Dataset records
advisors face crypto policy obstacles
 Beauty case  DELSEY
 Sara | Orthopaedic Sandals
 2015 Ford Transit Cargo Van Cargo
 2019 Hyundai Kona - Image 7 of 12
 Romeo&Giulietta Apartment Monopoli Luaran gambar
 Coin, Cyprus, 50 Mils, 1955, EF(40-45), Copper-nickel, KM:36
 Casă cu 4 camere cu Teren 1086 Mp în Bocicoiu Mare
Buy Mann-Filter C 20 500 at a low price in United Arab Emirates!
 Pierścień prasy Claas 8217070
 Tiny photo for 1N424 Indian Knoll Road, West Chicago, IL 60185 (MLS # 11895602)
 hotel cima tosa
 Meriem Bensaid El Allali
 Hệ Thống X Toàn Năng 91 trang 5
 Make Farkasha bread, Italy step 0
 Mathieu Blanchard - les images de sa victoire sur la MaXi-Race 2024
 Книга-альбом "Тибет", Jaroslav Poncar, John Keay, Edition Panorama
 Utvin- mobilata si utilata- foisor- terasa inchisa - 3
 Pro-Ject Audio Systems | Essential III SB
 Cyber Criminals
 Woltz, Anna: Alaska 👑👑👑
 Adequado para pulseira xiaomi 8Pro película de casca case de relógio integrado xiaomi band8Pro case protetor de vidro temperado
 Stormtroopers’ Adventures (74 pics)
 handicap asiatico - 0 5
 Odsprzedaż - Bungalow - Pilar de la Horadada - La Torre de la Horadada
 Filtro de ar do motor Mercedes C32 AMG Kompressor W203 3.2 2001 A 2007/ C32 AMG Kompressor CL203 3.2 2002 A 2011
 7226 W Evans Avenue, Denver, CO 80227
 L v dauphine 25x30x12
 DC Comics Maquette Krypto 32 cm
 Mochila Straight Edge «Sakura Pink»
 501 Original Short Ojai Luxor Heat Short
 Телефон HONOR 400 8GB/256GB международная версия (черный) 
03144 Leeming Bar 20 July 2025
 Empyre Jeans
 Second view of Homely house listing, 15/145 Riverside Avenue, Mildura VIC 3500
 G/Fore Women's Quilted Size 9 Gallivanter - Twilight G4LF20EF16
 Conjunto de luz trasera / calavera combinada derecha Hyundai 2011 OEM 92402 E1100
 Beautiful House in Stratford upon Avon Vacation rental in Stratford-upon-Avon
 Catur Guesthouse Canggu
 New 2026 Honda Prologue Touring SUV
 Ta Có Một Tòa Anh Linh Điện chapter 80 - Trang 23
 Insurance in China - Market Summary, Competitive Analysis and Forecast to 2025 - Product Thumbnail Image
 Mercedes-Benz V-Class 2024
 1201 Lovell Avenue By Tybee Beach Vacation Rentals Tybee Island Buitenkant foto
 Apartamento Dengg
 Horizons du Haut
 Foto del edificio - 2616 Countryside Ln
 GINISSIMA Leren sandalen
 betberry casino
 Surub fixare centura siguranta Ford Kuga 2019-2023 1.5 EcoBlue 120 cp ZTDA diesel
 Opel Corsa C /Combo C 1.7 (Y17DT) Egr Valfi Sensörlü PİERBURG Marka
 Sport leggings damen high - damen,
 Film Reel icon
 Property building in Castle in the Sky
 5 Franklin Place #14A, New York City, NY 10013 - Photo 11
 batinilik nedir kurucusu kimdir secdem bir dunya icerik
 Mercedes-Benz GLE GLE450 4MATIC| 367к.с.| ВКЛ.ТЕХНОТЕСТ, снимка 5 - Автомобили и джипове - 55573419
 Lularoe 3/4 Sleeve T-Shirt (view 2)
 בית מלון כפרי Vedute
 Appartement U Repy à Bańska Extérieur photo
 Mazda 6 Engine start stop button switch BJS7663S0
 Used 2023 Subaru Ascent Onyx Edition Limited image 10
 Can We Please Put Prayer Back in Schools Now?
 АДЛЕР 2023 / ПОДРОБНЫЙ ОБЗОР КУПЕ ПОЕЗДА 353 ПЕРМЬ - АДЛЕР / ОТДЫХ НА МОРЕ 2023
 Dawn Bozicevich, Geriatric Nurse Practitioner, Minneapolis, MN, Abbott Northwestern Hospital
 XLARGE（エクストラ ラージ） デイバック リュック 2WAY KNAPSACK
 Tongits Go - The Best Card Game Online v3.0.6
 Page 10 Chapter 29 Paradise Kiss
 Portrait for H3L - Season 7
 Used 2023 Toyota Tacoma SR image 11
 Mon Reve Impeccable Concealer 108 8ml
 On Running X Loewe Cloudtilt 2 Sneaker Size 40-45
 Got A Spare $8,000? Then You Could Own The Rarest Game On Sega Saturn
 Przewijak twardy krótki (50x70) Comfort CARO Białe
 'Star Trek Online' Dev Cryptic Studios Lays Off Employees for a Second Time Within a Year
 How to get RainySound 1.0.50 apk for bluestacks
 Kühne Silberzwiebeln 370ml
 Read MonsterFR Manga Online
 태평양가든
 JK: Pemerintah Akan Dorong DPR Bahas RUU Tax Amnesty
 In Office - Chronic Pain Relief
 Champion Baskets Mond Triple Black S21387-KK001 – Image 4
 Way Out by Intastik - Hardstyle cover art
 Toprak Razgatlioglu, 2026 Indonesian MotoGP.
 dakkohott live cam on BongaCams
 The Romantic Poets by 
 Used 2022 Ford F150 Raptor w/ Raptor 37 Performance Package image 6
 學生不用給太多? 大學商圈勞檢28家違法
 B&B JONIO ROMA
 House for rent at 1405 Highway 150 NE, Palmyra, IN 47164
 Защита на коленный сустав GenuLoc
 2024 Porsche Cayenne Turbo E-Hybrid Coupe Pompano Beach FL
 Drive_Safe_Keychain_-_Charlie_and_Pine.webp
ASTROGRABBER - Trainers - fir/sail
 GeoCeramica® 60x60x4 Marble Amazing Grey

### What you have to do
Your response must consist of all the records, retyped exactly.

### Solution
advisors face crypto policy obstacles
 Beauty case  DELSEY
 Sara | Orthopaedic Sandals
 2015 Ford Transit Cargo Van Cargo
 2019 Hyundai Kona - Image 7 of 12
 Romeo&Giulietta Apartment Monopoli Luaran gambar
 Coin, Cyprus, 50 Mils, 1955, EF(40-45), Copper-nickel, KM:36
 Casă cu 4 camere cu Teren 1086 Mp în Bocicoiu Mare
Buy Mann-Filter C 20 500 at a low price in United Arab Emirates!
 Pierścień prasy Claas 8217070
 Tiny photo for 1N424 Indian Knoll Road, West Chicago, IL 60185 (MLS # 11895602)
 hotel cima tosa
 Meriem Bensaid El Allali
 Hệ Thống X Toàn Năng 91 trang 5
 Make Farkasha bread, Italy step 0
 Mathieu Blanchard - les images de sa victoire sur la MaXi-Race 2024
 Книга-альбом "Тибет", Jaroslav Poncar, John Keay, Edition Panorama
 Utvin- mobilata si utilata- foisor- terasa inchisa - 3
 Pro-Ject Audio Systems | Essential III SB
 Cyber Criminals
 Woltz, Anna: Alaska 👑👑👑
 Adequado para pulseira xiaomi 8Pro película de casca case de relógio integrado xiaomi band8Pro case protetor de vidro temperado
 Stormtroopers’ Adventures (74 pics)
 handicap asiatico - 0 5
 Odsprzedaż - Bungalow - Pilar de la Horadada - La Torre de la Horadada
 Filtro de ar do motor Mercedes C32 AMG Kompressor W203 3.2 2001 A 2007/ C32 AMG Kompressor CL203 3.2 2002 A 2011
 7226 W Evans Avenue, Denver, CO 80227
 L v dauphine 25x30x12
 DC Comics Maquette Krypto 32 cm
 Mochila Straight Edge «Sakura Pink»
 501 Original Short Ojai Luxor Heat Short
 Телефон HONOR 400 8GB/256GB международная версия (черный) 
03144 Leeming Bar 20 July 2025
 Empyre Jeans
 Second view of Homely house listing, 15/145 Riverside Avenue, Mildura VIC 3500
 G/Fore Women's Quilted Size 9 Gallivanter - Twilight G4LF20EF16
 Conjunto de luz trasera / calavera combinada derecha Hyundai 2011 OEM 92402 E1100
 Beautiful House in Stratford upon Avon Vacation rental in Stratford-upon-Avon
 Catur Guesthouse Canggu
 New 2026 Honda Prologue Touring SUV
 Ta Có Một Tòa Anh Linh Điện chapter 80 - Trang 23
 Insurance in China - Market Summary, Competitive Analysis and Forecast to 2025 - Product Thumbnail Image
 Mercedes-Benz V-Class 2024
 1201 Lovell Avenue By Tybee Beach Vacation Rentals Tybee Island Buitenkant foto
 Apartamento Dengg
 Horizons du Haut
 Foto del edificio - 2616 Countryside Ln
 GINISSIMA Leren sandalen
 betberry casino
 Surub fixare centura siguranta Ford Kuga 2019-2023 1.5 EcoBlue 120 cp ZTDA diesel
 Opel Corsa C /Combo C 1.7 (Y17DT) Egr Valfi Sensörlü PİERBURG Marka
 Sport leggings damen high - damen,
 Film Reel icon
 Property building in Castle in the Sky
 5 Franklin Place #14A, New York City, NY 10013 - Photo 11
 batinilik nedir kurucusu kimdir secdem bir dunya icerik
 Mercedes-Benz GLE GLE450 4MATIC| 367к.с.| ВКЛ.ТЕХНОТЕСТ, снимка 5 - Автомобили и джипове - 55573419
 Lularoe 3/4 Sleeve T-Shirt (view 2)
 בית מלון כפרי Vedute
 Appartement U Repy à Bańska Extérieur photo
 Mazda 6 Engine start stop button switch BJS7663S0
 Used 2023 Subaru Ascent Onyx Edition Limited image 10
 Can We Please Put Prayer Back in Schools Now?
 АДЛЕР 2023 / ПОДРОБНЫЙ ОБЗОР КУПЕ ПОЕЗДА 353 ПЕРМЬ - АДЛЕР / ОТДЫХ НА МОРЕ 2023
 Dawn Bozicevich, Geriatric Nurse Practitioner, Minneapolis, MN, Abbott Northwestern Hospital
 XLARGE（エクストラ ラージ） デイバック リュック 2WAY KNAPSACK
 Tongits Go - The Best Card Game Online v3.0.6
 Page 10 Chapter 29 Paradise Kiss
 Portrait for H3L - Season 7
 Used 2023 Toyota Tacoma SR image 11
 Mon Reve Impeccable Concealer 108 8ml
 On Running X Loewe Cloudtilt 2 Sneaker Size 40-45
 Got A Spare $8,000? Then You Could Own The Rarest Game On Sega Saturn
 Przewijak twardy krótki (50x70) Comfort CARO Białe
 'Star Trek Online' Dev Cryptic Studios Lays Off Employees for a Second Time Within a Year
 How to get RainySound 1.0.50 apk for bluestacks
 Kühne Silberzwiebeln 370ml
 Read MonsterFR Manga Online
 태평양가든
 JK: Pemerintah Akan Dorong DPR Bahas RUU Tax Amnesty
 In Office - Chronic Pain Relief
 Champion Baskets Mond Triple Black S21387-KK001 – Image 4
 Way Out by Intastik - Hardstyle cover art
 Toprak Razgatlioglu, 2026 Indonesian MotoGP.
 dakkohott live cam on BongaCams
 The Romantic Poets by 
 Used 2022 Ford F150 Raptor w/ Raptor 37 Performance Package image 6
 學生不用給太多? 大學商圈勞檢28家違法
 B&B JONIO ROMA
 House for rent at 1405 Highway 150 NE, Palmyra, IN 47164
 Защита на коленный сустав GenuLoc
 2024 Porsche Cayenne Turbo E-Hybrid Coupe Pompano Beach FL
 Drive_Safe_Keychain_-_Charlie_and_Pine.webp
ASTROGRABBER - Trainers - fir/sail
 GeoCeramica® 60x60x4 Marble Amazing Grey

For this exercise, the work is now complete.